Nous en sommes encore loin.

[1] Rappelons pour mémoire, même si c’est une évidence, que la différence de rédaction n’est pas en soi un obstacle à l’existence de « dispositions équivalentes », puisque par hypothèse le critère ne trouve à s’appliquer qu’en cas de rédaction modifiée.

[2] - « L’acte de pénétration doit avoir été accompli avec certains moyens qui permettent de caractériser l’absence de comportement ». Thierry Garé, Droit pénal spécial, éd. Bruylant, 11eme édition, p. 309. ; 
- « Il serait, cependant, plus exact au fond, plus simple et plus élégant en la forme, de constater que l’agression sexuelle est le fait d’obtenir de quelqu’un un comportement de nature sexuelle auquel il n’a pas consenti. », « Le viol étant une agression sexuelle, suppose l’absence de consentement, tel que nous venons de le définir ». Rassat, Michèle-Laure. Droit pénal spécial - Infractions du Code pénal 9ed (n° 595sv).

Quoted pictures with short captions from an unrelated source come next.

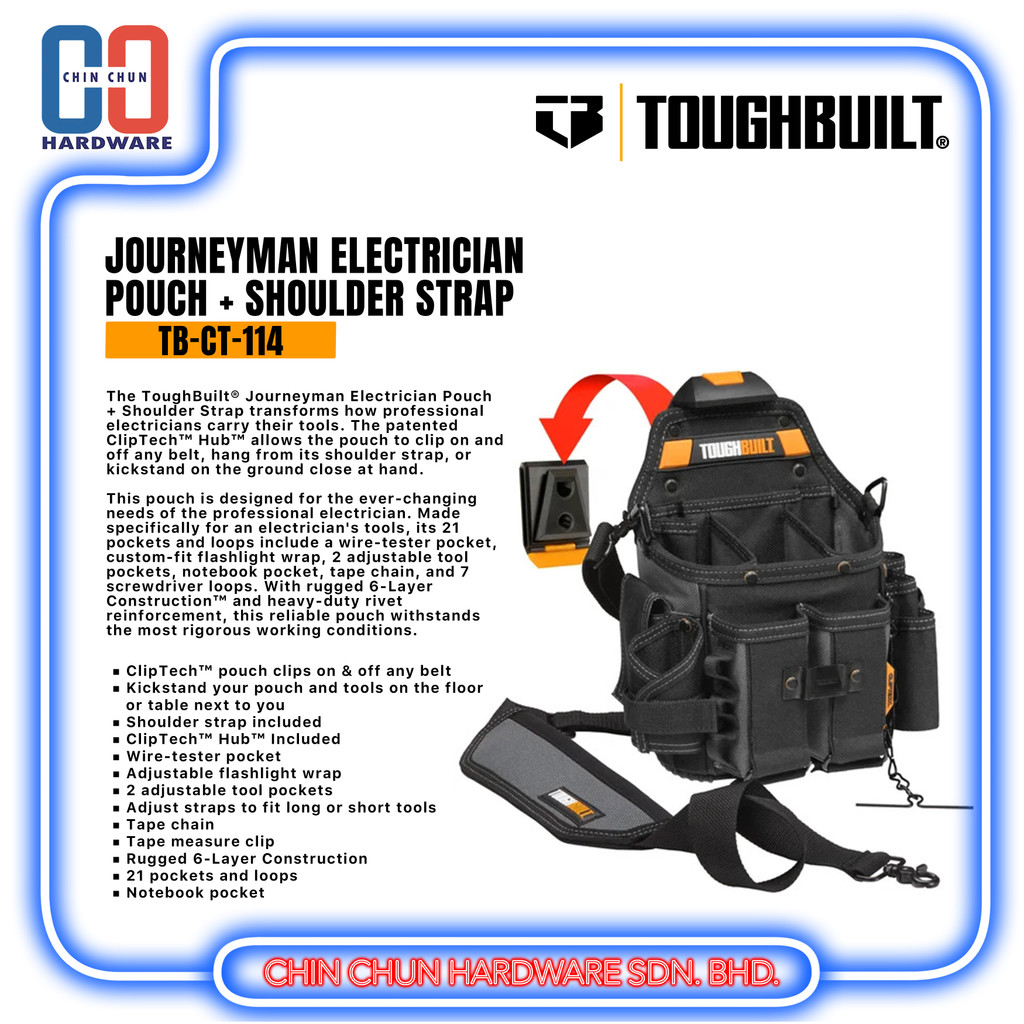 TOUGHBUILT ELECTRICIAN POUCH + SHOULDER STRAP (21pockets) (TB-CT-114)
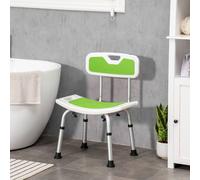 HOMCOM 6-Level Height Adjustable Shower Chair with Backrest & Shower in Green HOMCOM Green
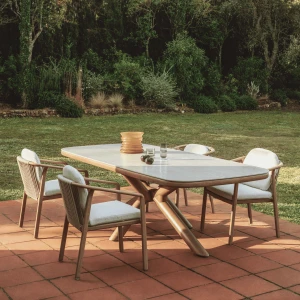 Kave Home Tuintafel Mirtia Gesinterde steen en houtlook, 240 x 110cm - Beige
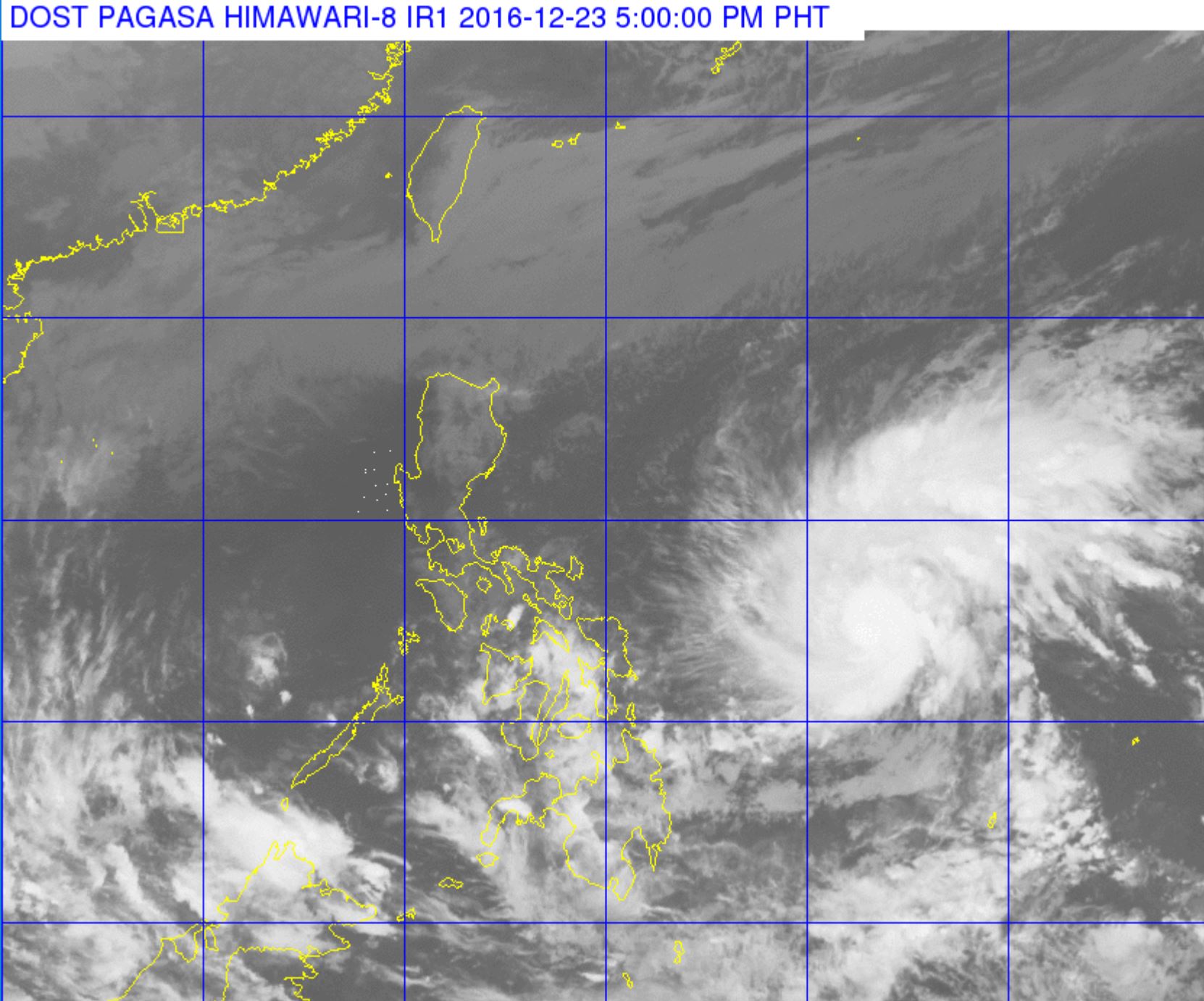 The satellite image of tropical storm Nina as of 5 p.m. (satellite image courtesy DOST-PAGASA)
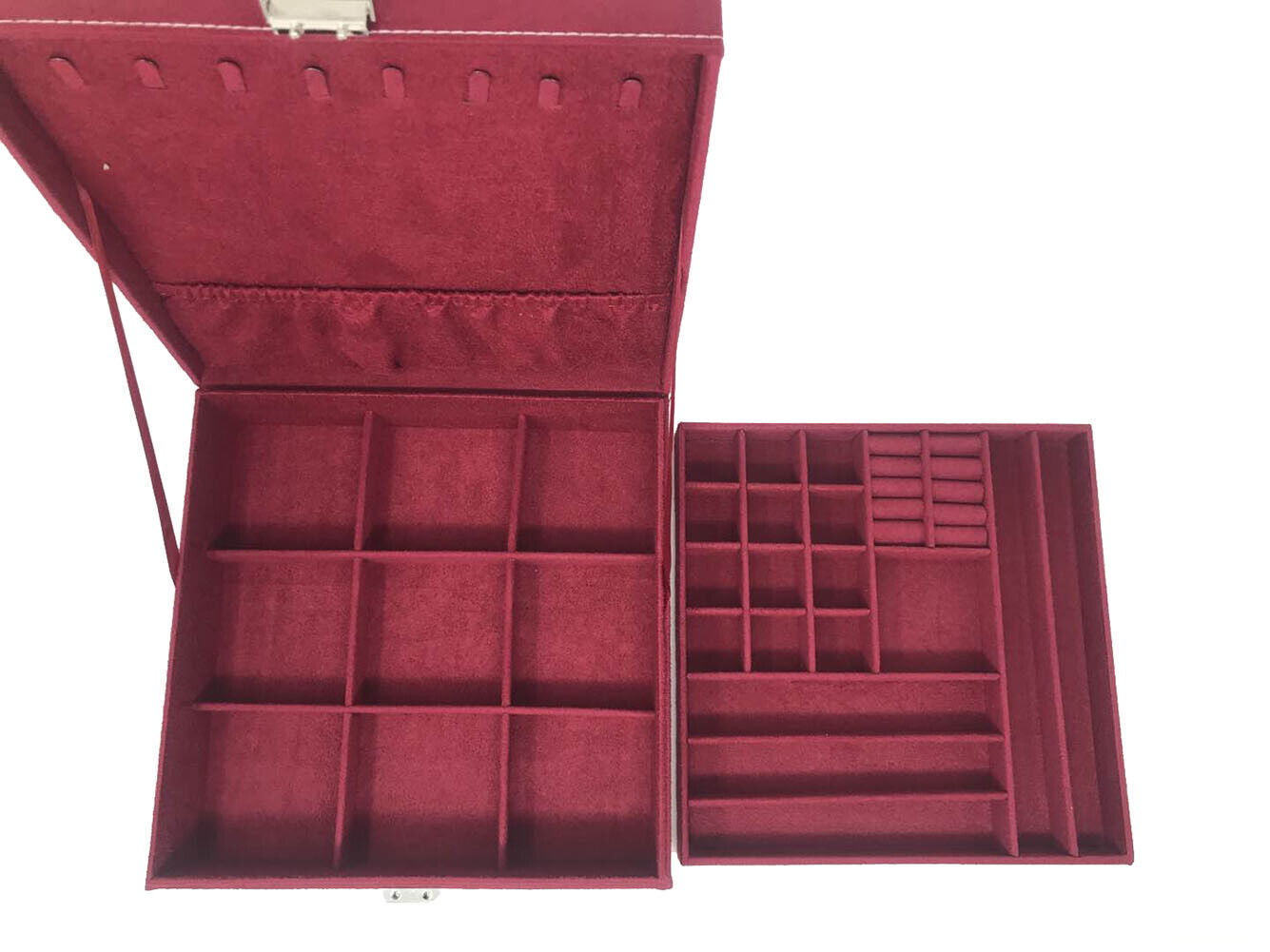 US Two-Layer Lint Large Jewelry Box Organizer Display Storage case with Lock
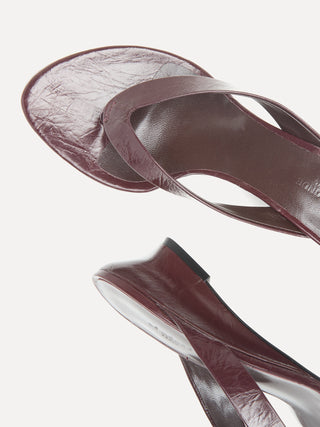 Micro Wedge Thong / Aubergine Naplack Leather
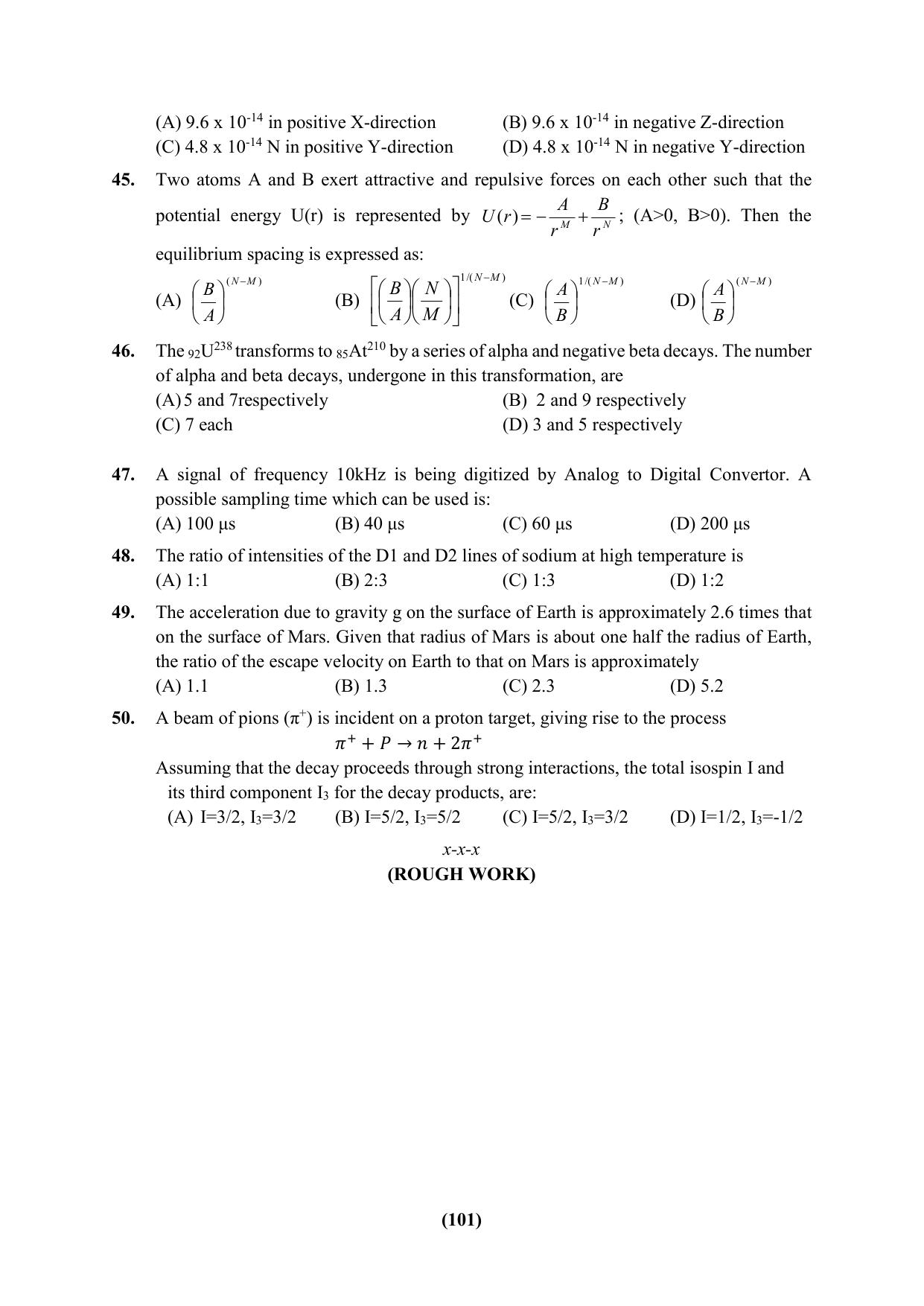 PU Ph.D Entrance Test 2024 Question Paper - Page 101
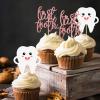 12pcs First Tooth Cupcake Toppers Glitter 1st Teething Party Decorations Pre-assembled Double-Sided Rose Gold view 4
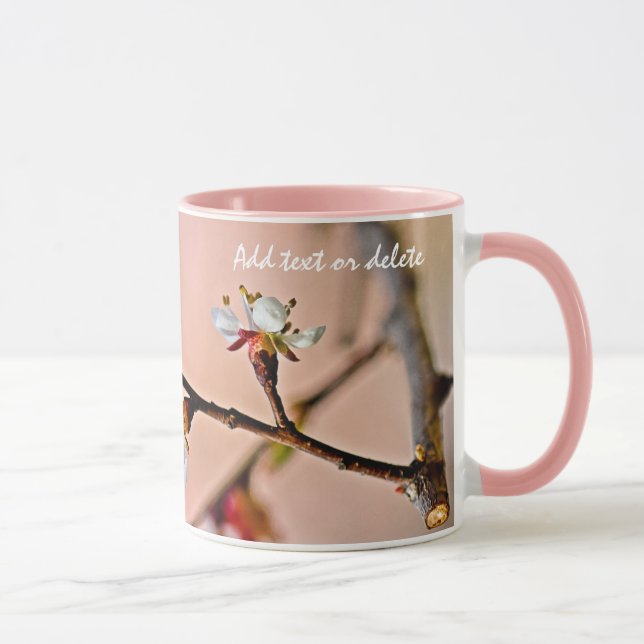 Mug Le charme des fleurs japonaises d'abricot (Droite)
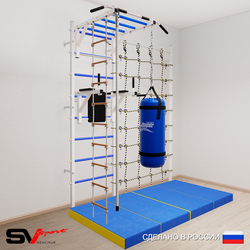 Шведская стенка Sv Sport усиленная 64570 (Турник рукоход/Брусья/Канат/Лестница/Цепь/Мешок 30кг/Мат 2м/Канатный лаз)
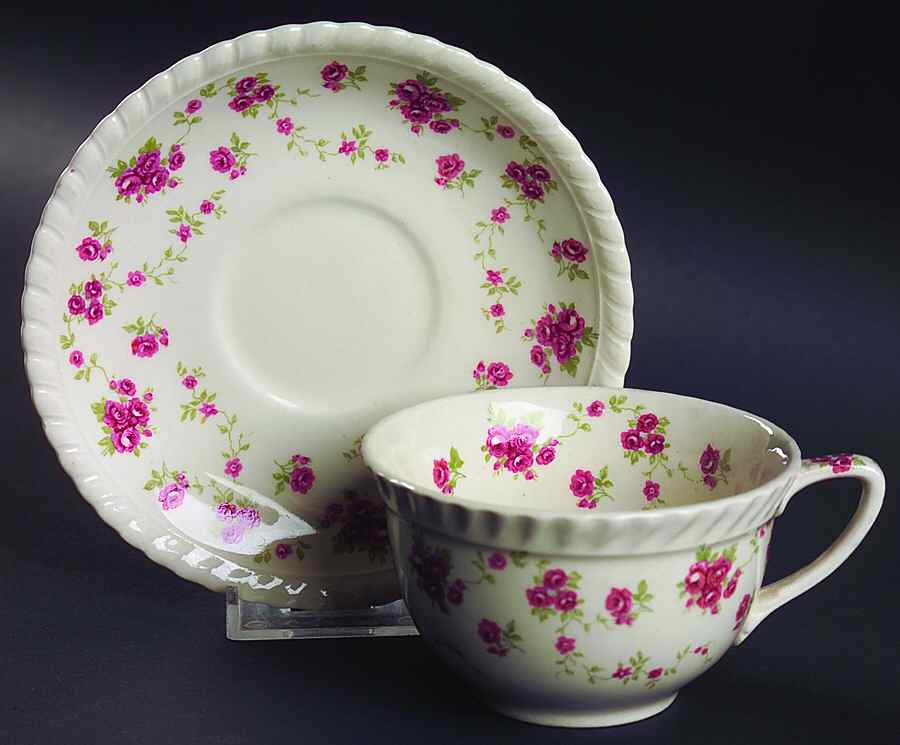 Rambler Rose Flat Cup & Saucer Set by Johnson Brothers-1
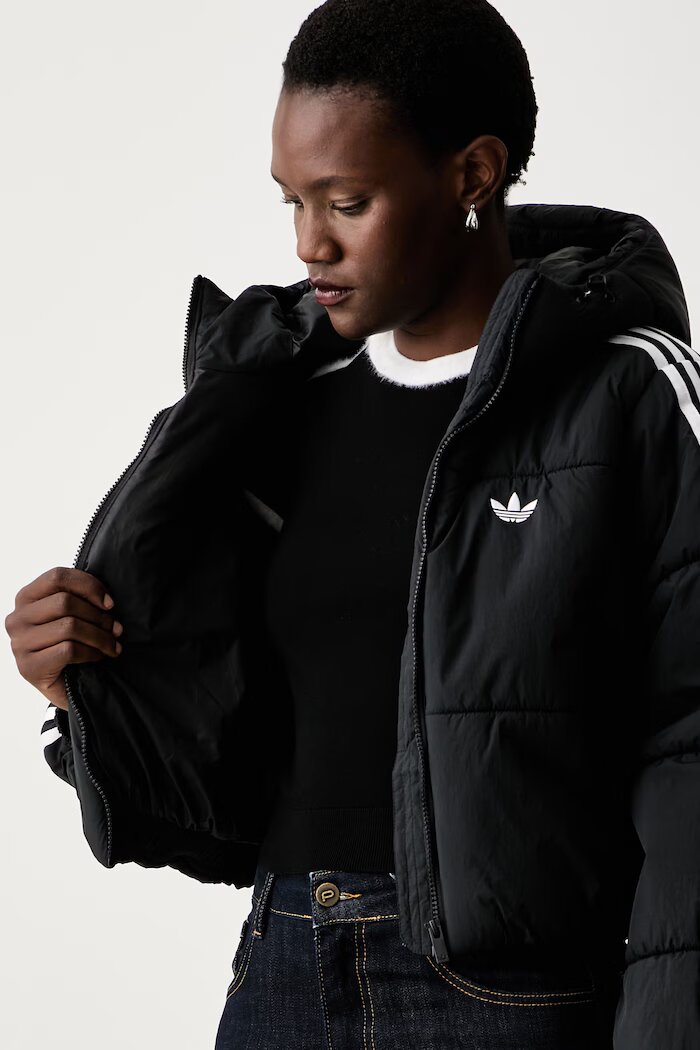 adidas Originals късо яке дамско Adicolor черно KG6673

Groupe Lefebvre Dalloz.
- Le mot « consentement » apparait 43 fois dans le fascicule du Jurisclasseur (Editions LexisNexis) relatif aux agressions sexuelles. Il y est notamment écrit : « La question principale de culpabilité peut continuer d'être unique mais elle doit mentionner à la fois l'existence d'un acte de pénétration sexuelle et l'absence de consentement de la victime qui tient au fait que la pénétration a été commise avec violence, menace, contrainte ou surprise » (..) « L’agression sexuelle figure dans un ensemble de dispositions fondées sur une absence de consentement de la victime. ».
- « Le viol suppose que le coupable a utilisé certains moyens pour atteindre son but en dehors de la volonté de la victime. La violence physique, la menace, la contrainte morale ou la surprise sont en effet exclusives de tout consentement libre de la part du partenaire ». Véron, Michel. Droit pénal spécial (p. 174). Sirey.

[3] Ce qui déroute les professionnels actuellement, c’est qu’ils savent traiter les cas d’évolution simple de la loi, comme la modification d’une peine ou le changement d’un mot dans une qualification. La question posée par la nouvelle loi sur le viol, qui réécrit largement la définition des agressions sexuelles, impose de réfléchir plus avant et de façon inhabituelle. Les optimistes diront que c’est ce qui fait le bonheur des juristes.

[4] Pénétration avec le sexe, un doigt, ou un objet, dans le sexe, la bouche ou l’anus.

[5] Il s’agit là d’une nouvelle malfaçon du parlement que personne ne semble avoir alerté sur l’erreur qu’il était en train de commettre. Ce qui a fait écrire à J.C Saint Pau professeur de droit dans la revue droit pénal des éditions Dalloz, n° 12 de 2025 : « Sans doute faut-il en conclure à un oubli législatif malheureux, mais cette omission coupable, qui interroge sur la compétence technique législative, devient embarrassante pour les magistrats chargés d'appliquer le viol…. ».